Juan Mari es alguien muy entrañable para mí. Es amigo y es cura. No tengo yo, por cierto, muchos amigos entre los clérigos. Pero Juan Mari es diferente. Le conocí hace unos veinte años, cuando estaba en el seminario. Durante este tiempo he aprendido de él que un hombre vale lo que alcanza su mirada, su manera de mirar a los demás. De mi amigo sé decir que me ha mirado siempre con amor, es decir, que nunca me ha juzgado. Esto es un milagro: ¿cómo no juzgar a los demás alguna vez mientras vamos con ellos de camino? Y, sin embargo, a todos nos gusta ser amados. A nadie, ser juzgado. Ahora bien, ¿y el juicio moral? ¿Podemos evitarlo cuando vemos a otro actuando mal?

Los antiguos monjes del desierto recomendaban no enseñar nada que uno mismo no hubiera puesto primero en práctica. Nunca hablar, como solemos, de lo que deberíamos hacer o de lo que hacen otros, supuestamente mejores o peores que nosotros. En cabeza ajena, pues, nada enseñar ni aprender. Cuando las personas cuidan sus afectos -cuando los ponen en práctica- llegan a quererse como son, en lo bueno y en lo menos bueno. Por eso aceptan mejor sus defectos, esto es, lo que uno no puede aprobar del otro: una cosa es aceptar, otra muy diferente aprobar. Y aceptándolos -no juzgándolos, no reprochándolos- es como aprenden a superarlos.

Pero, cuando no se tienen verdaderos afectos en la vida, no se aceptan los defectos de los demás. Se reprochan sin más. Y, al reprocharlos, en vez de ayudarles a superarlos, les privamos de la fuerza que necesitan para ello. Esta fuerza no es otra que la confianza, el amor sin reservas ni monsergas. Sin amor, con la ley en la mano o en el fondo de la conciencia, no podemos superar nuestros defectos. Lo único que podemos hacer sin amor es trocar unos defectos por otros.

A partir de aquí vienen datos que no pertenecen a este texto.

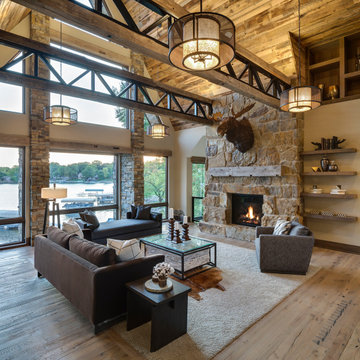 Reclaimed Wood Flooring, Mantel, Paneling, and Timbers in Great Room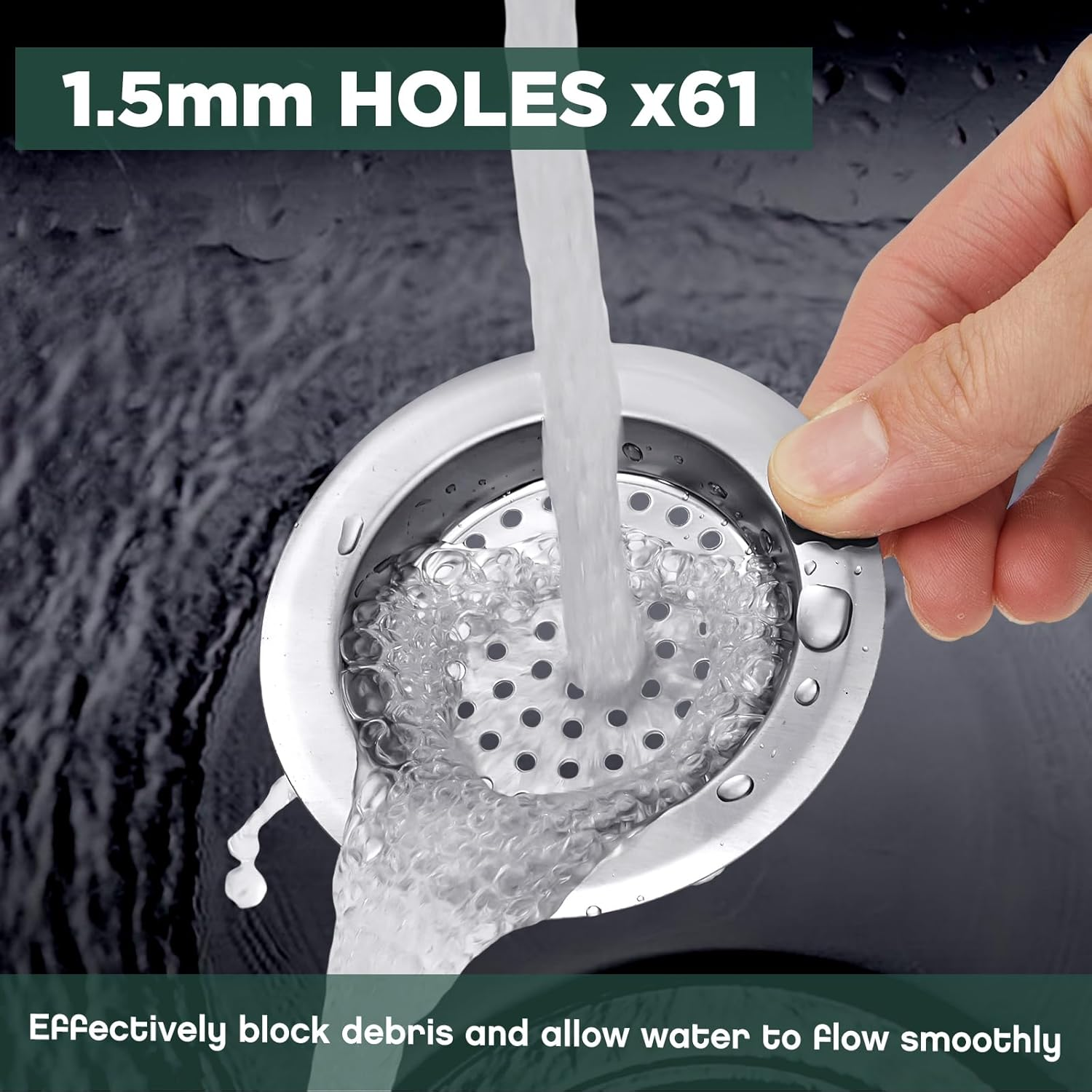 Flutesan 4 Pcs 7.5 Cm /3 Inch Sink Strainer, Kitchen Stainless Steel Sink Drain Strainer, Dishwasher Safe, Inner Diameter 5.2 Cm /2 Inch image number 4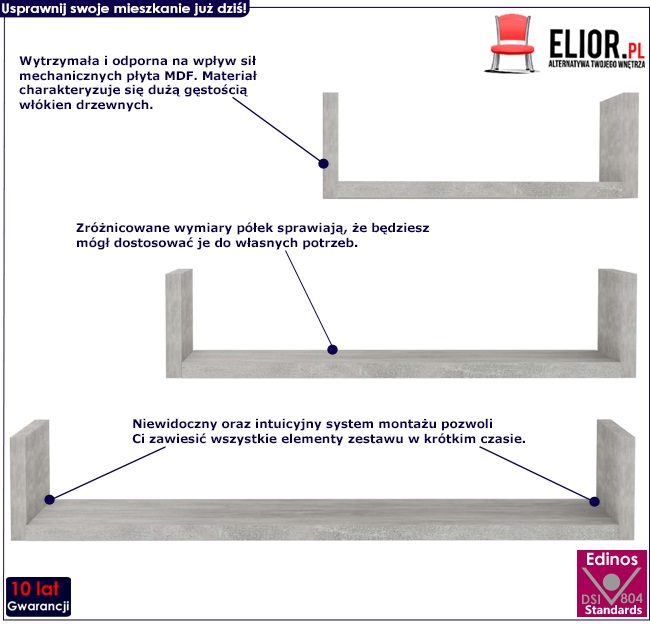 zestaw półek ściennych w kolorze betonu baffic 3x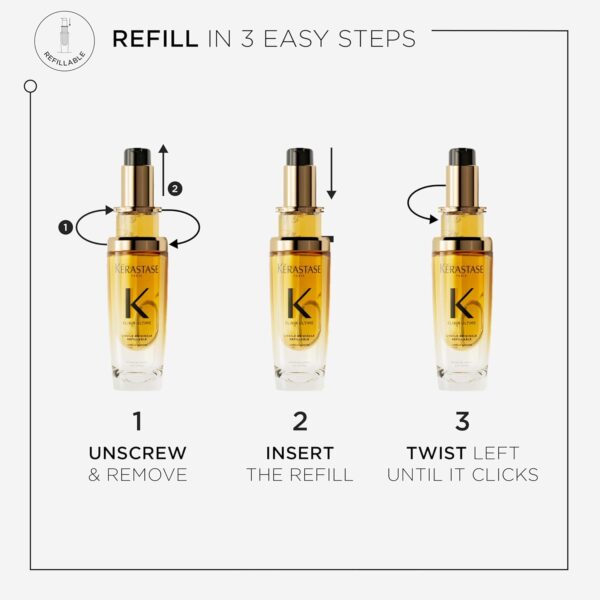 Kérastase Elixir Ultime Hair Oil, Nourishes Dull Hair, For All Hair Types, Strengthens and Protects Hair From Heat, With Argan and Camellia Oil - Image 2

O unos excesos por otros.

Si Lutero no se hubiera apresurado a juzgar los defectos de la Iglesia romana y ésta, a su vez, no hubiera condenado sin matiz los excesos de Lutero, ¡cuánto habríamos podido aprender unos de otros! La reforma protestante no habría sido un cisma ni la católica una “contrarreforma”. Por suerte, a veces, sucede el milagro. El amor es siempre el gran milagro de la vida, el más humilde, discreto y eficaz de todos los milagros, la maravilla de las maravillas. ¿Acaso es mayor milagro estar sano o vivo de milagro que morir después de haber vivido? Juan Mari es uno de sus nombres.